Hard to answer your question without knowing the weight of your arrows.


----------



## WoodsmanRyan (Jul 1, 2016)

I'm interested in hearing what weight arrows you'll be using, too. I've had 2 sets of limbs on my Satori and here are the stats (30" draw length):

Hoyt Satori w/ Dryad Epic Limbs: 66" | 42# @ 30" | 31.5" Beman Centershot 0.340 125pw 550gr | 13.1 gpp | 14strand D97 | 167fps
Hoyt Satori w/ Dryad Epic Limbs: 66" | 38# @ 30" | 31" Beman Centershot 0.400 125pw 465gr | 12.2 gpp | 14strand D97 | 173fps


----------



## Charley1378 (Jul 16, 2018)

I’ll post arrows specs once decided. Uukha limbs are a bit faster than most from what I’ve seen. I’ll see if I can get some speed data on the coach’s 58# Satori/uukha it’s vx1000 x curve on that one.


----------



## grantmac (May 31, 2007)

Gonna need <6GPP to hit those numbers and it won't be a bow you would hunt.


----------



## Charley1378 (Jul 16, 2018)

grantmac said:


> Gonna need <6GPP to hit those numbers and it won't be a bow you would hunt.

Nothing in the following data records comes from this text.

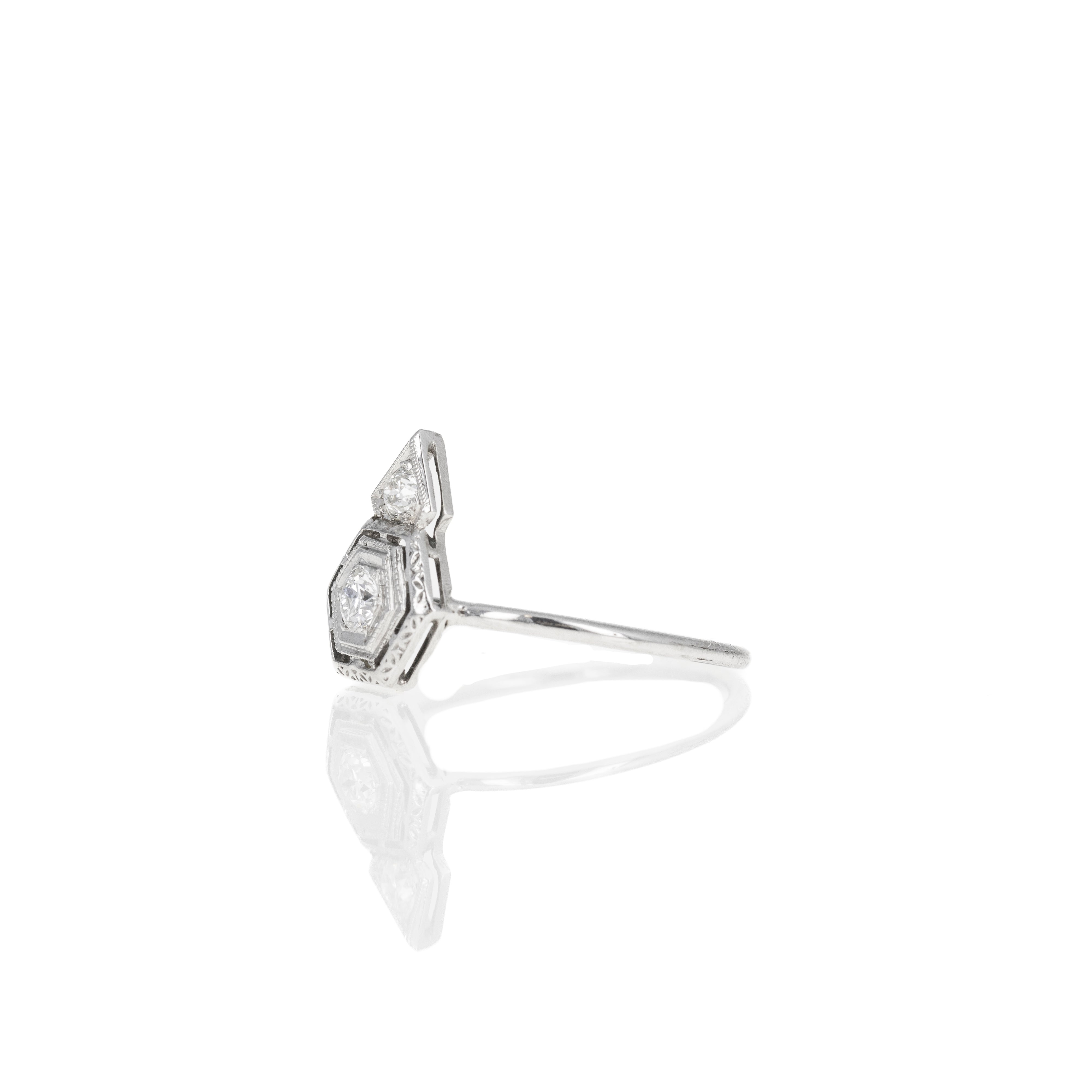 Art Deco 14K White Gold Old European Cut Diamond Filigree Stick Pin Conversion Ring - Queen May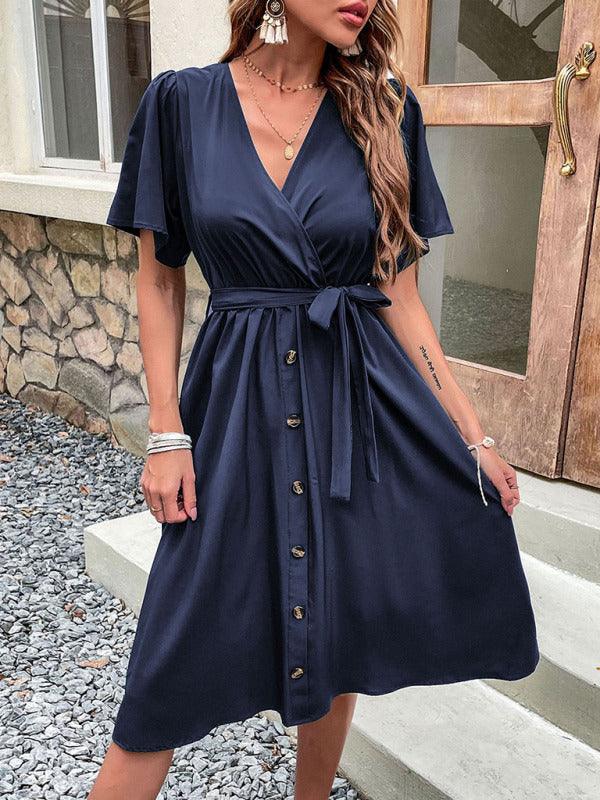 Midi Jurk met V-hals en Ceintuur - Midi Dresses - Jurkjes.co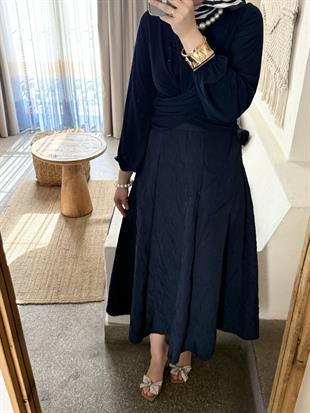 Linda etekli takım-lacivert - vakronline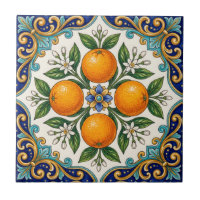 Aqua Italian Majolica Orange Citrus Design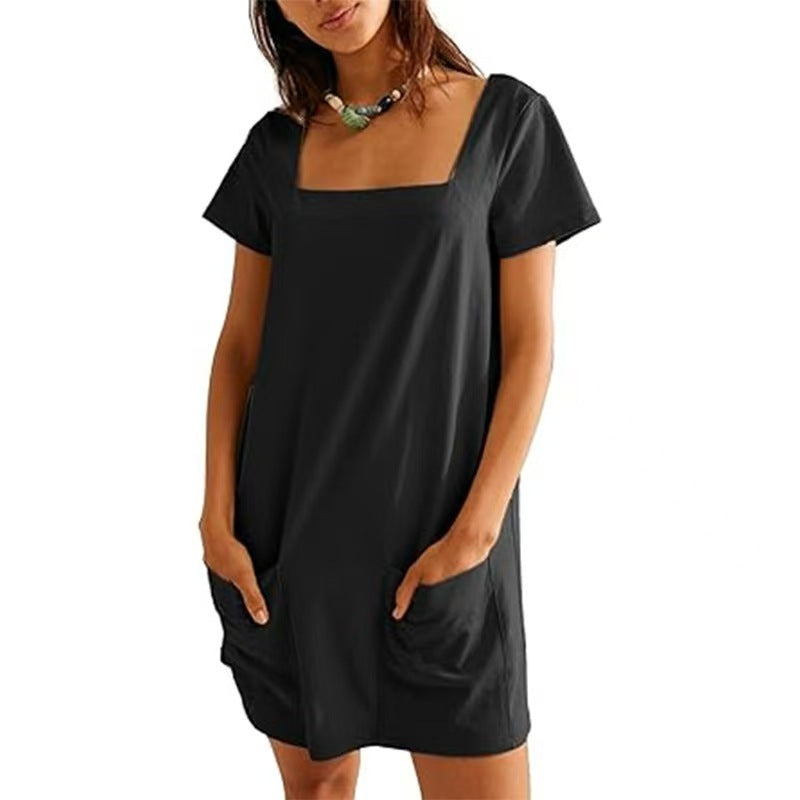 Women Fashion Casual Solid Color Square Neck Dress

6.7 to 7.1 is what I think we will be using victory vaps


----------



## Hank D Thoreau (Dec 9, 2008)

You may make the speeds you are talking about. I tested some Xcurves a few years back that were way to heavy for me at my 32 inch draw, though less than the high 60's you are talking about getting. The string pulled out of my hand way before I reached anchor and I still got 217. I figured that bow would have hit at least 230 if I could have gotten it to full draw. That was 32 inches though, and you get a huge bump in stored energy going from 27.5 to 32.


----------



## Charley1378 (Jul 16, 2018)

Hank D Thoreau said:


> You may make the speeds you are talking about. I tested some Xcurves a few years back that were way to heavy for me at my 32 inch draw, though less than the high 60's you are talking about getting. The string pulled out of my hand way before I reached anchor and I still got 217. I figured that bow would have hit at least 230 if I could have gotten it to full draw. That was 32 inches though, and you get a huge bump in stored energy going from 27.5 to 32.


Not 100% certain but I think the one currently in the shop is 58” overall with 17” riser and 40# VX+ is 58lbs at 30” was 210 FPS so that was my benchmark


----------



## Charley1378 (Jul 16, 2018)

Riser has arrived, couple weeks to go on limbs... Hoyt builds a nice product


----------



## Bill 2311 (Jun 24, 2005)

Not sure how you plan to gain 16#. That means you have a true 33" draw. If so, I strongly recommend much longer limbs.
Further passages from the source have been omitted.